## Example 3 - Permutation Test

In [5]:
import pandas as pd
import numpy as np

In [13]:
import findspark
findspark.init()

In [14]:
import pyspark
sc = pyspark.SparkContext(appName="MyAppName")

In [15]:
from pyspark.sql import SparkSession
spark = SparkSession(sc)

In [2]:
data = pd.read_csv("mammals.csv")

In [3]:
data.head()

Unnamed: 0.1,Unnamed: 0,body,brain
0,Arctic fox,3.385,44.5
1,Owl monkey,0.48,15.5
2,Mountain beaver,1.35,8.1
3,Cow,465.0,423.0
4,Grey wolf,36.33,119.5


In [6]:
observed_correlation = np.corrcoef(data.body, data.brain) [0,1]
print(observed_correlation)

0.9341638423233545


In [8]:
def simulate():
    return np.corrcoef(data.body, np.random.permutation(data. brain) ) [0,1]

In [9]:
n_sim = 10000
simulation = [ simulate() for i in range(n_sim) ]
p_value = sum([observed_correlation<=random_correlation
                for random_correlation in simulation ]) / n_sim
print(p_value)

0.0


So far, all our simulations were carried out on one core of our computer.
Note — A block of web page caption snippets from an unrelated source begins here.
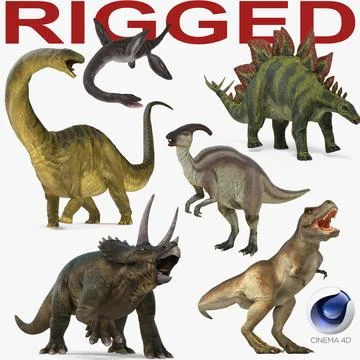 Rigged Dinosaurs Collection for Cinema 4D 3D Model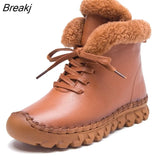 Winter Female Plus Velvet Genuine Leather Shoes Snow Platform Boots Women Thermal Cotton-padded Shoes Flat Ankle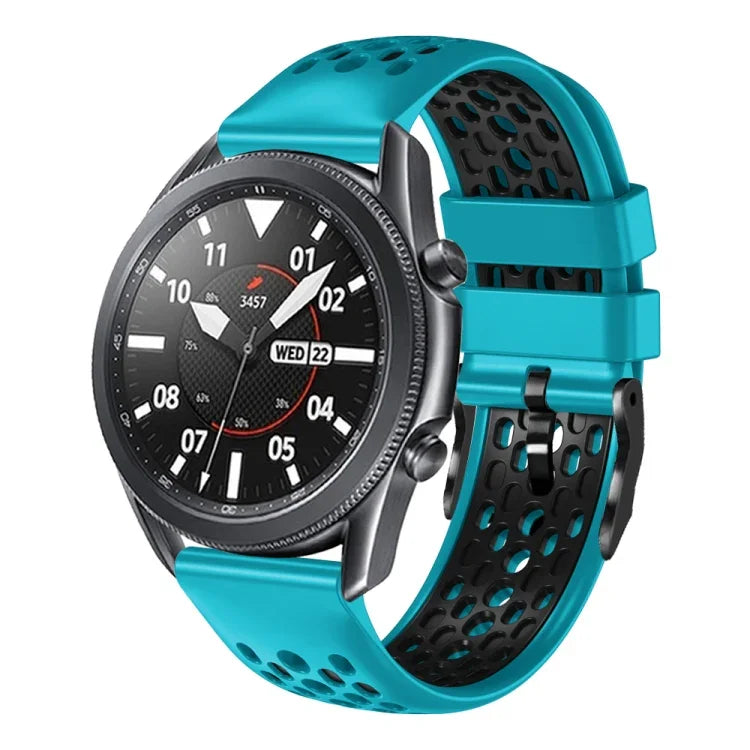 สายซิลิโคนระบายอากาศสองสี ขนาด 22 มม. สำหรับ Samsung Galaxy Watch3 45mm, Samsung Galaxy Watch 46mm, Samsung Gear S3 Classic, Samsung Gear S3 Frontier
We can use Spark to perform
this calculation across more cores and potentially also different computers in the Spark cluster

In [10]:
n_batch = 10
n_sim_per_batch = 1000

In [11]:
def simulate_batch(seed):
    np.random.seed (seed)
    return [ simulate() for i in range(n_sim_per_batch) ]

In [16]:
simulation = sc.parallelize(range(n_batch)).map(simulate_batch).collect()

In [17]:
p_value = sum([observed_correlation<=random_correlation
                        for block in simulation
for random_correlation in block ]) / n_sim
print(p_value)

0.0